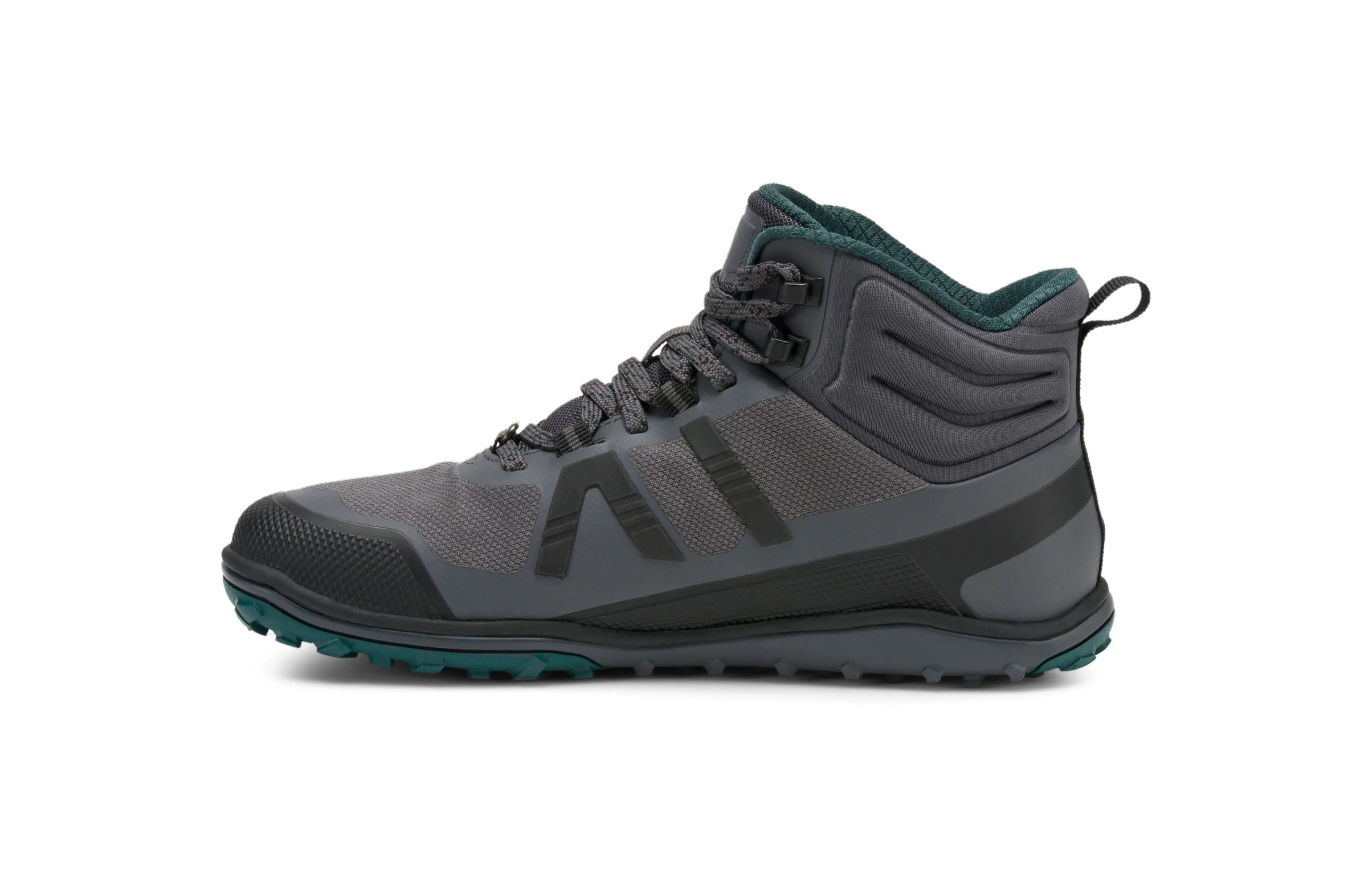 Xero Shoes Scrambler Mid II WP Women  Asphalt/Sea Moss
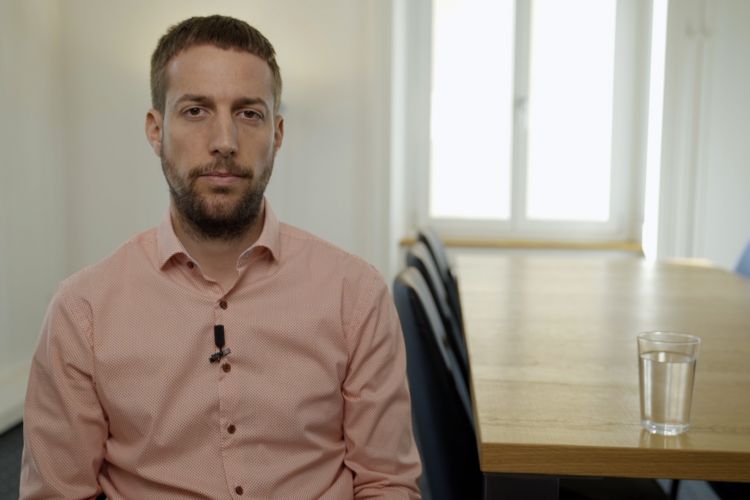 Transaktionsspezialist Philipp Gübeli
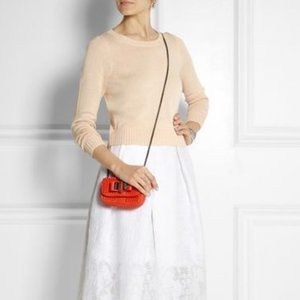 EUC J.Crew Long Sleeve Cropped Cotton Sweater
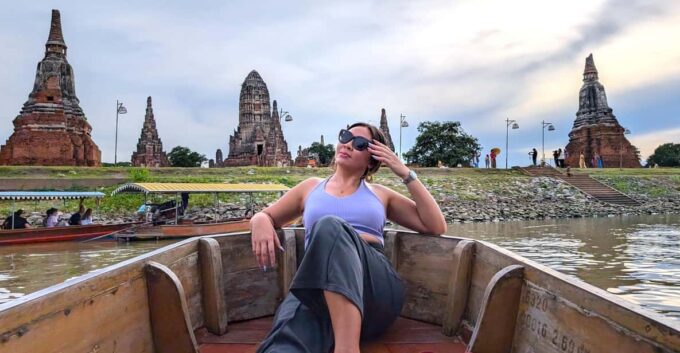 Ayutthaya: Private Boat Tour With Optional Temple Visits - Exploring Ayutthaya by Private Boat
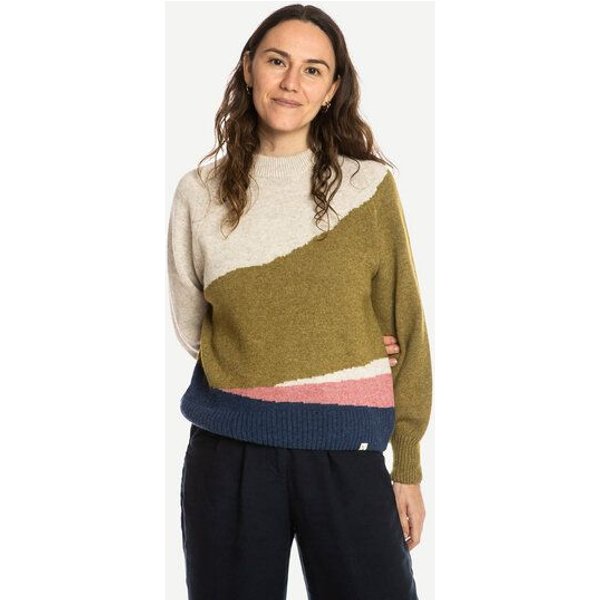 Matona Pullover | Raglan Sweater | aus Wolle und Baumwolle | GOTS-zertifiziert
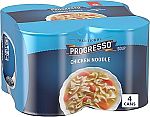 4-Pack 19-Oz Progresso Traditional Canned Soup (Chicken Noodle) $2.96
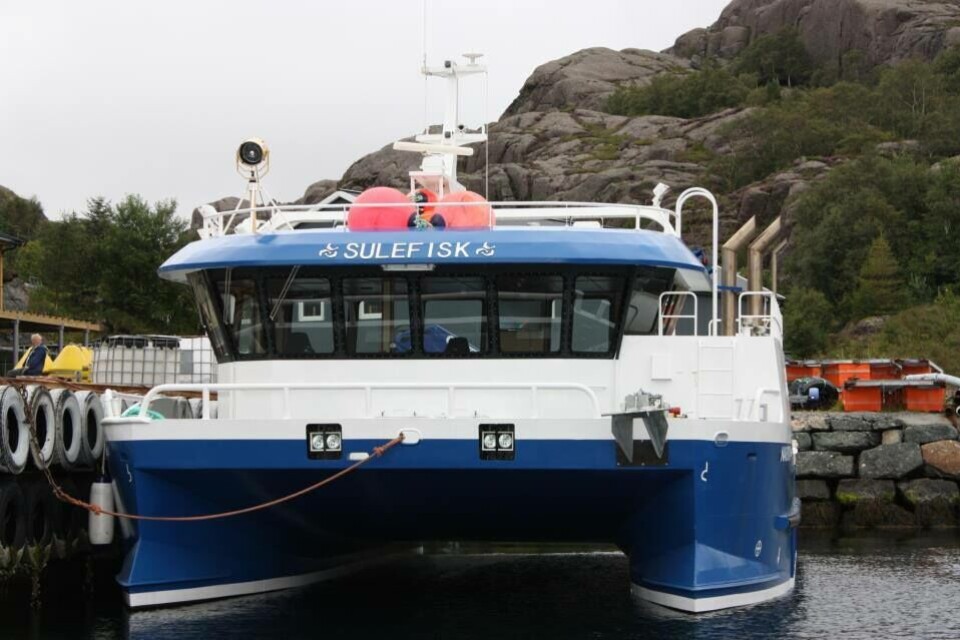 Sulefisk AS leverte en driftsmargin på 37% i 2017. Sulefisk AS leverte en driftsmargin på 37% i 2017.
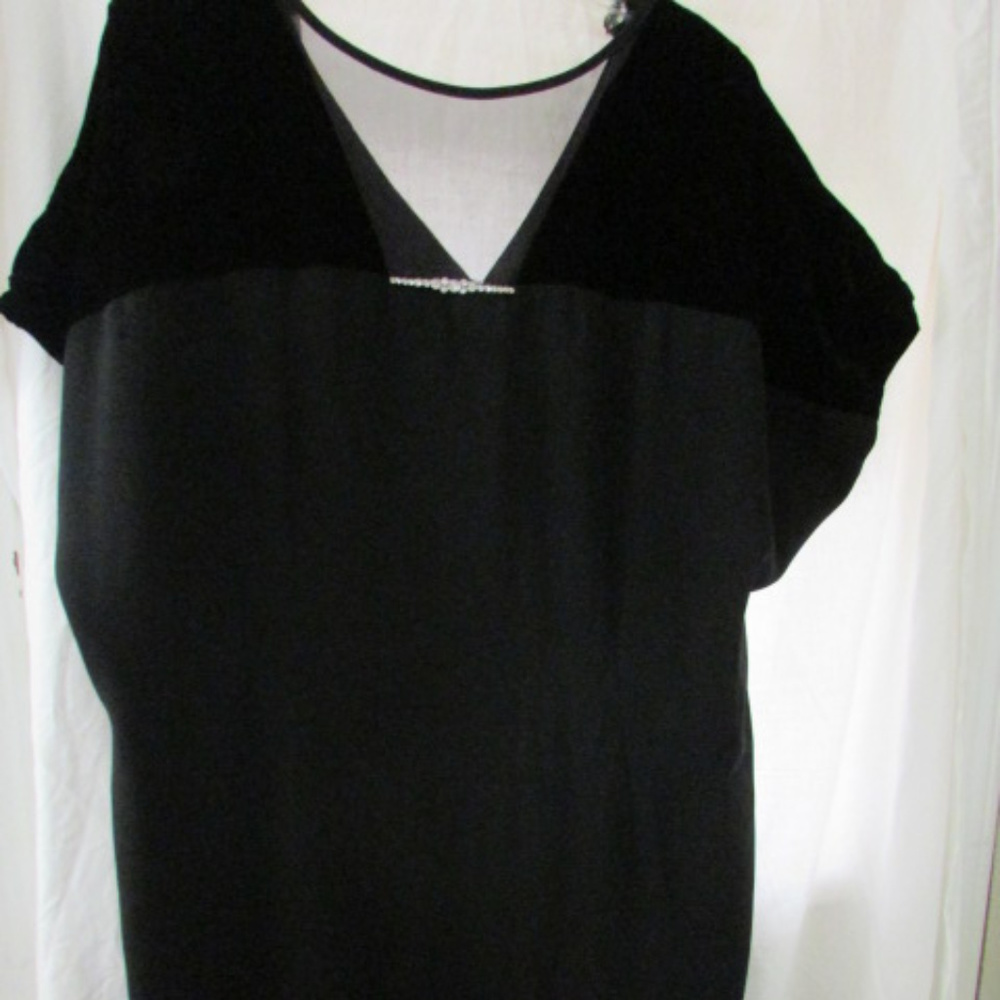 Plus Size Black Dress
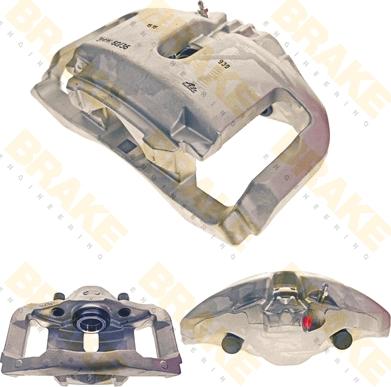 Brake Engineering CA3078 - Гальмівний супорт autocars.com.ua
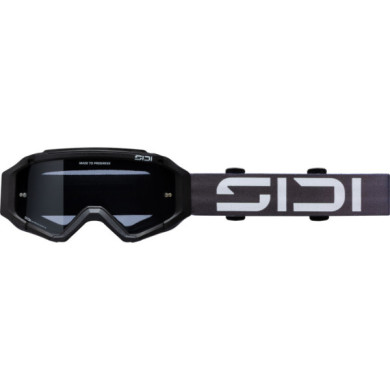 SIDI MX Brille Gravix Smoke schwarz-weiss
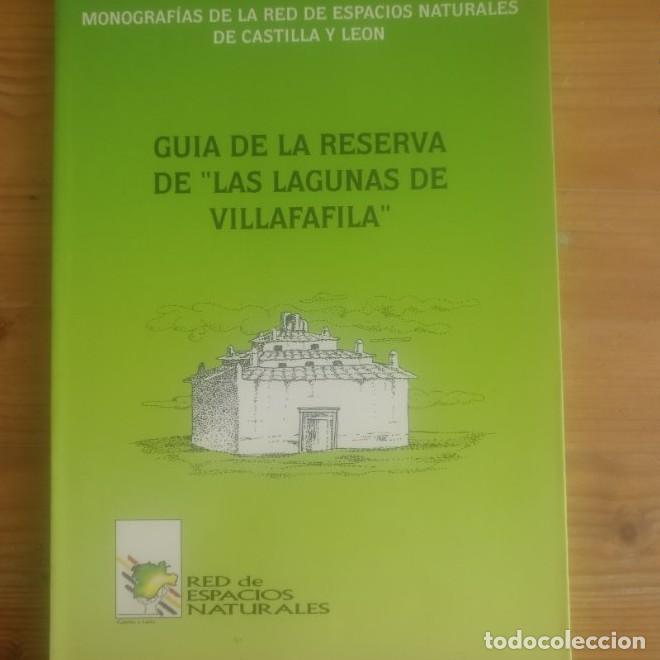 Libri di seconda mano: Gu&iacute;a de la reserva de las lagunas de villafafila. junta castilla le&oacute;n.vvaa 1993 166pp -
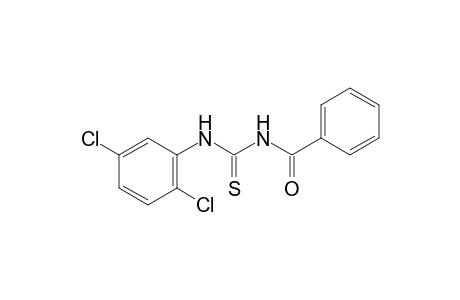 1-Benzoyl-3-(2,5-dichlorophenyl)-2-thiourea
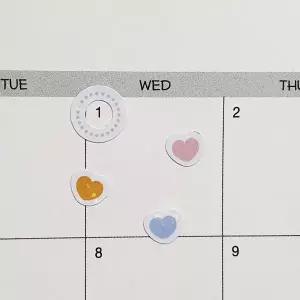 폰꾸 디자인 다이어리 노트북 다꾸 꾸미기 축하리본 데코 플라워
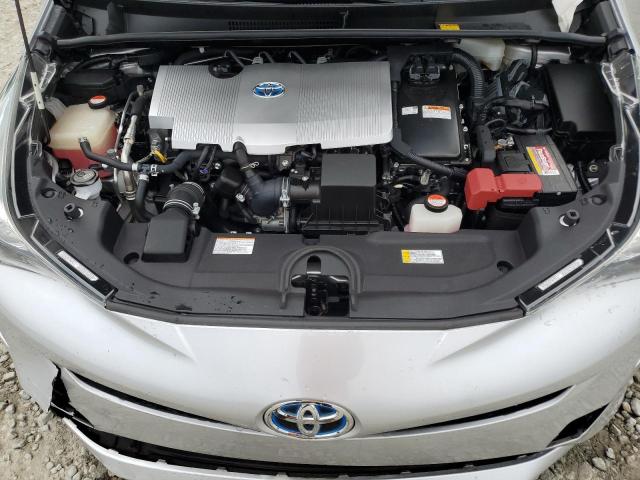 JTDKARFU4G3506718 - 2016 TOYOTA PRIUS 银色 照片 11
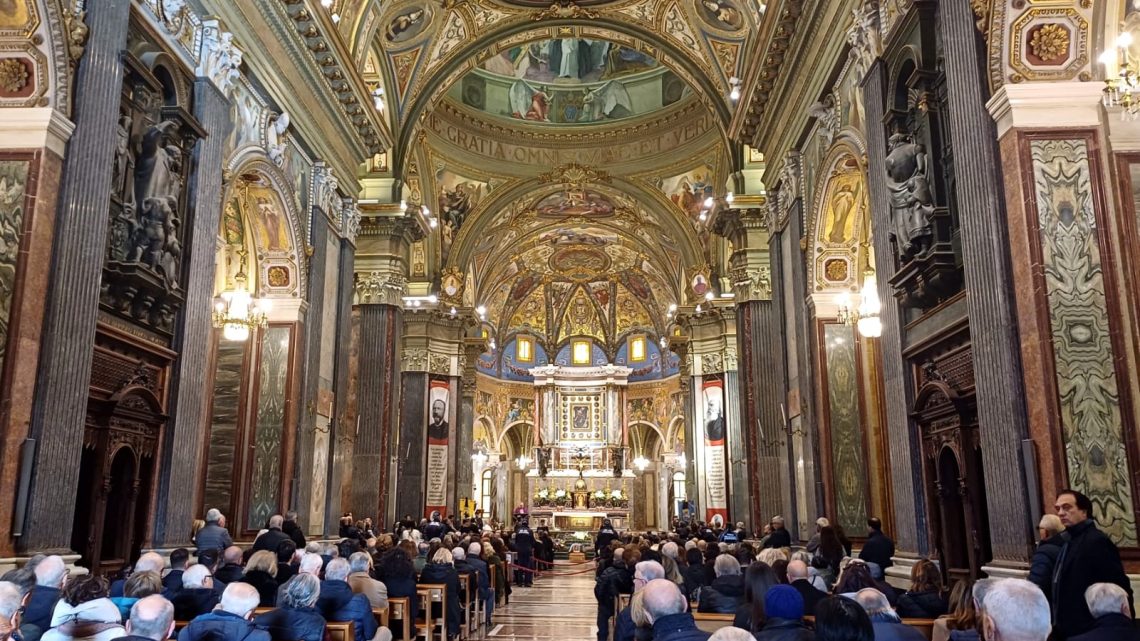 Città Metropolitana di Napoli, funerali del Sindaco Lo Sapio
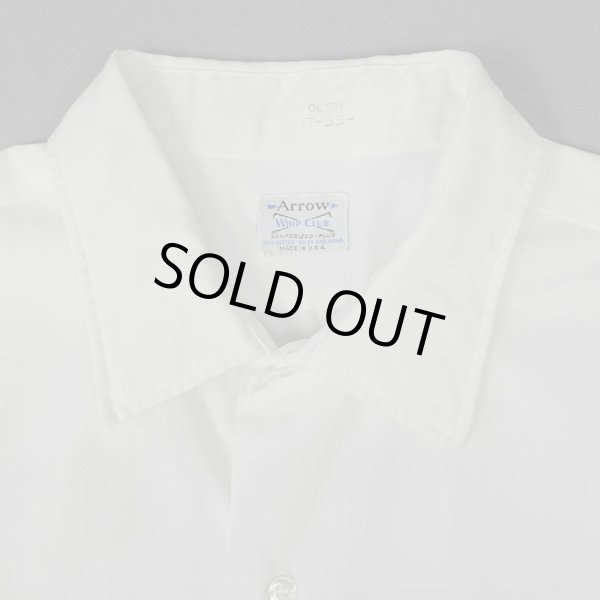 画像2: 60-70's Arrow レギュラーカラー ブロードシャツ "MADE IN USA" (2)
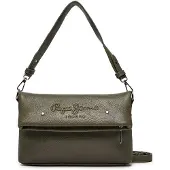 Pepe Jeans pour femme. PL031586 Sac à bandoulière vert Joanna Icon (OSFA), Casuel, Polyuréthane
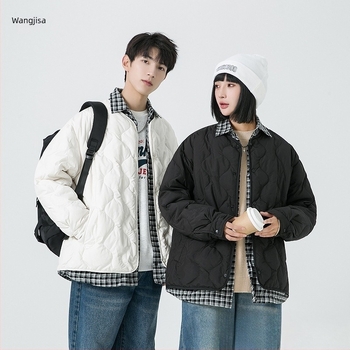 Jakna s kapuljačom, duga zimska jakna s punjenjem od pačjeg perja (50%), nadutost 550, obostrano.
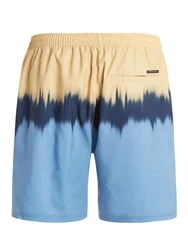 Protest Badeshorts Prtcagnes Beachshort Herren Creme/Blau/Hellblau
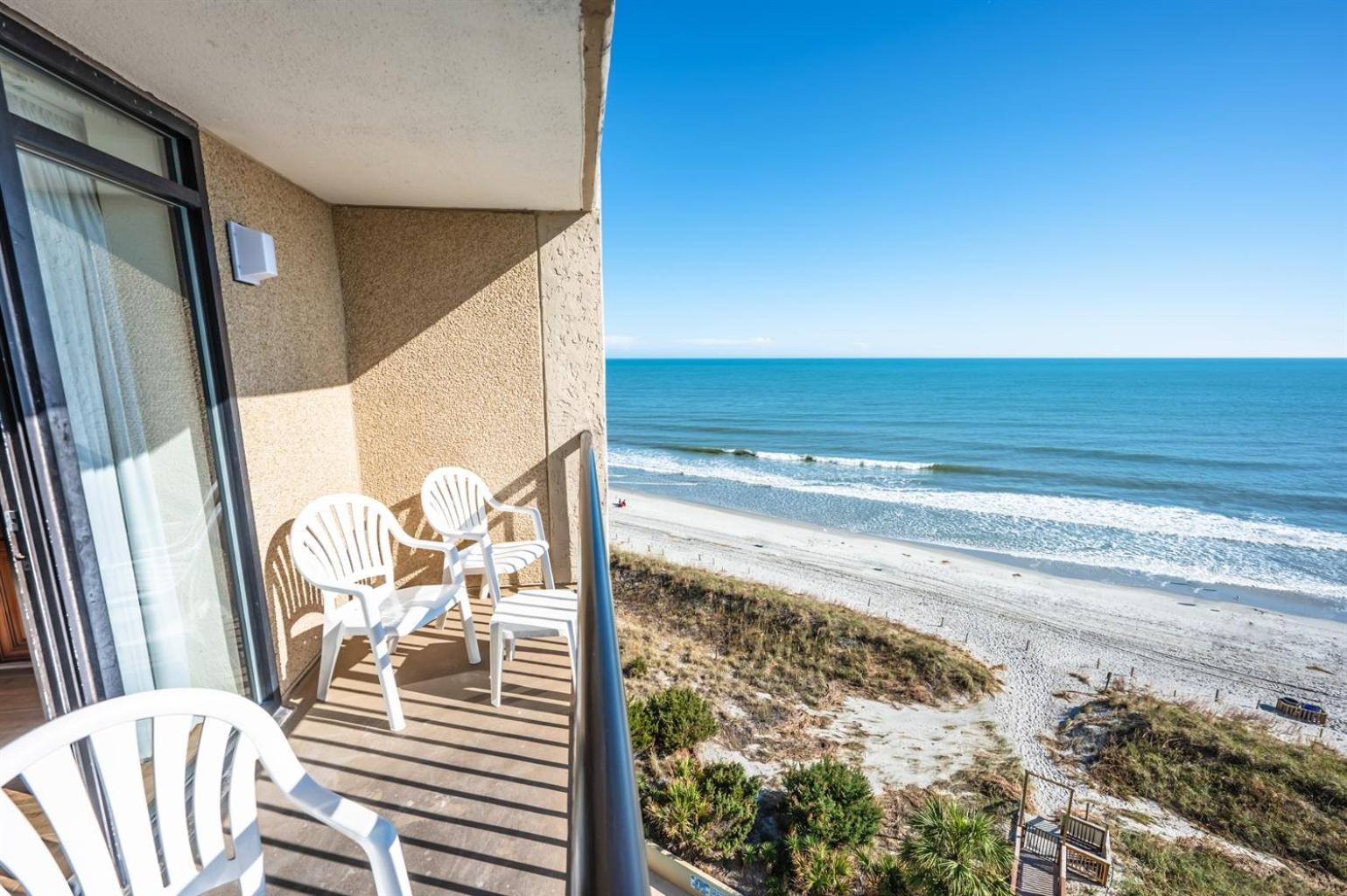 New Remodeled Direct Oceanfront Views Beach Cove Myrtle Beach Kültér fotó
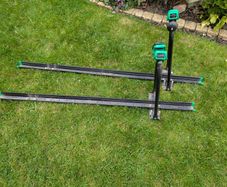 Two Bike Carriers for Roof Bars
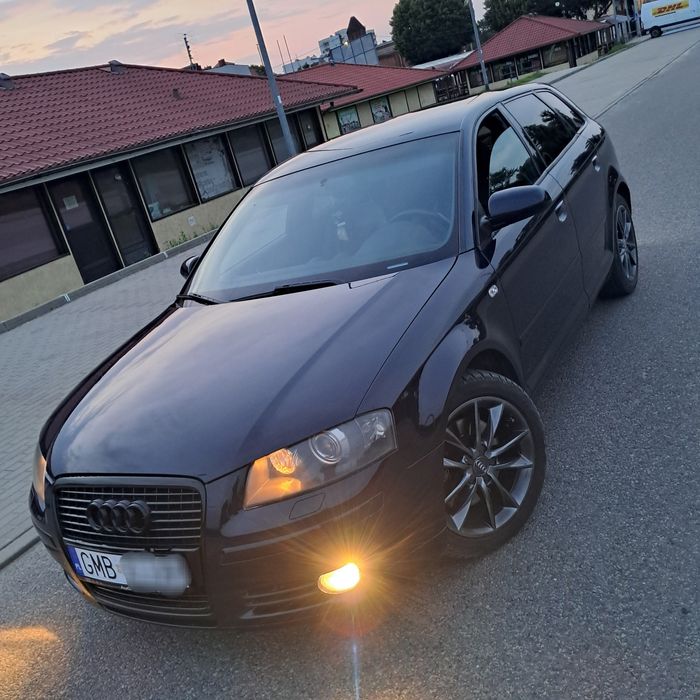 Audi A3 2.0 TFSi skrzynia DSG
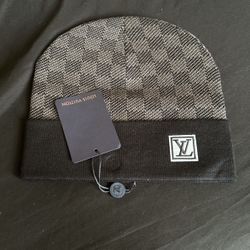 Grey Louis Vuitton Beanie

——————————

In the listing above, find the line with "Sulefisk AS leverte en driftsmargin på 37% i 2017. Sulefisk" and the line with "Città Metropolitana di". Copy exactly those two and every line between, without the pictures.

 Sulefisk AS leverte en driftsmargin på 37% i 2017. Sulefisk AS leverte en driftsmargin på 37% i 2017.
 Plus Size Black Dress
 Brake Engineering CA3078 - Гальмівний супорт autocars.com.ua
 SIDI MX Brille Gravix Smoke schwarz-weiss
 Libri di seconda mano: Gu&iacute;a de la reserva de las lagunas de villafafila. junta castilla le&oacute;n.vvaa 1993 166pp -
 1-Benzoyl-3-(2,5-dichlorophenyl)-2-thiourea
 폰꾸 디자인 다이어리 노트북 다꾸 꾸미기 축하리본 데코 플라워
 JTDKARFU4G3506718 - 2016 TOYOTA PRIUS 银色 照片 11
 Città Metropolitana di Napoli, funerali del Sindaco Lo Sapio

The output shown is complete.